Jeanne Burgues-Brun (geboren am 10. Februar 1886 in Cognac; gestorben am 14. Oktober 1970 in Paris) war eine französische Schriftstellerin. Sie war unter den Pseudonymen Yves Blanc und Jeanne-Yves Blanc bekannt.
Als Tochter des Literaturlehrers Pierre-Antonin Brun und Nichte des provenzalischen Mundartdichters Jean Charles-Brun interessierte sich Jeanne Brun für Literatur und trug bei der Feier ihres Gymnasiums oder bei Abenden der Volkshochschulen Gedichte oder Theaterstücke vor. In ihrem letzten Gymnasialjahr gehörte sie zu den Schülern mit den meisten Auszeichnungen. Nachdem sie 1905 an der École normale supérieure de Sèvres im Fachbereich Literatur zugelassen worden war, wurde sie Literaturlehrerin und begann gleichzeitig, Gedichte zu schreiben. Sie heiratete am 27. Dezember 1909 Georges Burgues, einen Hals-Nasen-Ohren-Arzt aus Montpellier.

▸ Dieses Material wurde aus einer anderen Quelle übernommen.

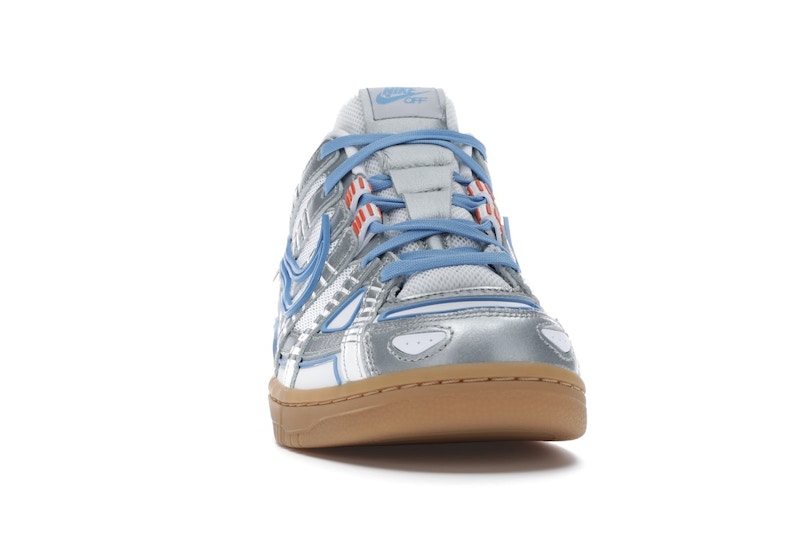 rubber dunk off white university blue stockx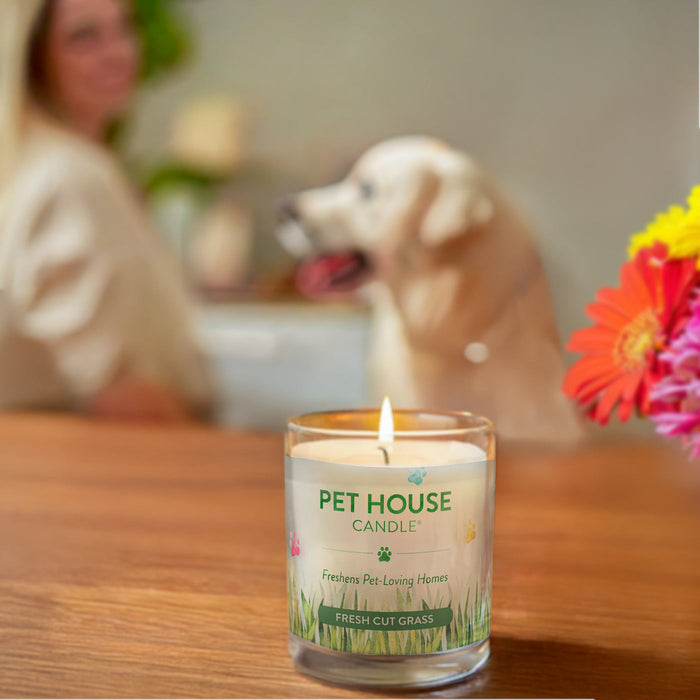 Pet House Candles -Freshly Cut Grass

1912 veröffentlichte sie ihren ersten Roman mit dem Titel Histoire de la maison de l’Espine, einen historischen Roman über eine Adelsfamilie des 17. Jahrhunderts.
1915 begann sie einen Briefwechsel mit Guillaume Apollinaire, indem sie ihm einen Vierzeiler schrieb, den er später während des Krieges als „seinen Talisman“ bezeichnete. Als seine Kriegspatin traf sie ihn 1917 in Paris. In einem Brief vom 31. Januar 1918 schrieb er ihr, dass er es „absolut bedauerlich“ finde, dass sie ein „männliches Pseudonym angenommen“ habe, woraufhin sie das Pseudonym Jeanne-Yves Blanc annahm.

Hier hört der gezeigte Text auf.